History of the Devon Yawl
The first Devon Yawl, DY1, was launched on the 4 May 1968. The idea for the boat stemmed from the growing popularity of G.R.P. (glass reinforced plastic, or fibreglass as it is more commonly known) in small boat construction and the increasing costs of building and maintaining the all-wood Salcombe Yawl.
The background to the class is that it has evolved over some 200 years from the inshore fishing boats of the South Devon coast, which in turn were refined into the Salcombe Yawl for racing and picnicking.
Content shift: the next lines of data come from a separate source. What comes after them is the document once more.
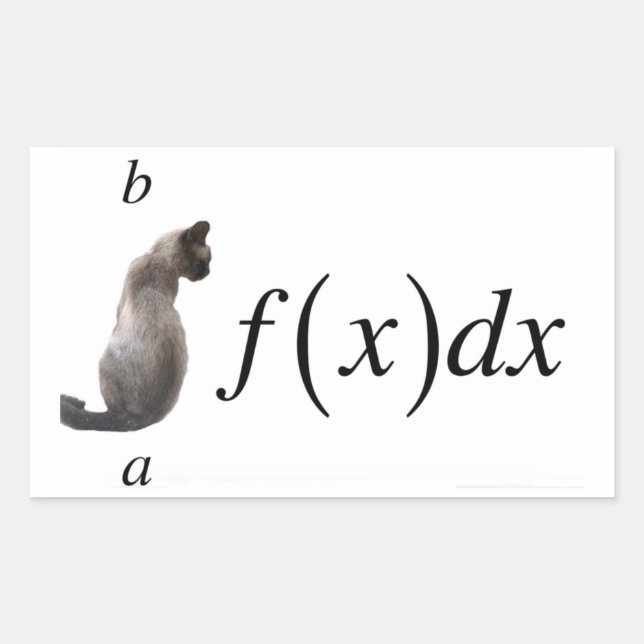 Integral cat rectangular sticker (Front)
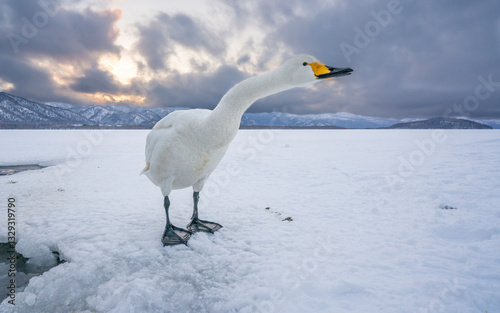 View of serene whooper swans feeding on algae by the beautiful Lake Kussharo surrounded by snow-covered mountains, Teshikaga, Hokkaido Prefecture, Japan.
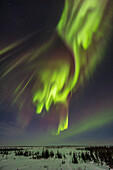 A fine showing of auroral curtains in the northeastern sky,with the Big Dipper and Ursa Major at upper left,with the sky and ground also illumimnated by the light of the waxing crescent Moon. This was February 25,2023 from the observing deck at the Churchill Northern Studies Centre,Churchill,Manitoba.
The first Devon Yawls had red sails to distinguish them from the Salcombe Yawl’s white sails. The masts and spars were aluminium rather than wood. Also standard (Devon Craft or early) hull colour was light blue.
Since those early days there have been a number of refinements that have added to improved performance and appearance. Most Devon Yawls now have white sails as the cloth is both better and cheaper than the coloured. The masts and spars have gone from the heavy untapered sections to light tapered modern sections, and the fittings and controls are now such that the boat is both responsive and easy on the helm and crew.
Over the years a small number of boats have been exported. Examples are now sailing, throughout the UK, in Ireland, in mainland Europe and in North America. At some stage another set of moulds was created from which a number of Devon Yawls have been built in the USA.
In 2014, a new set of moulds was made to replace the originals from 1968. Space-age technology was used to correct the flaws in the first set. These new moulds are being used to build new Devon Yawls in Plymouth, commencing with DY383.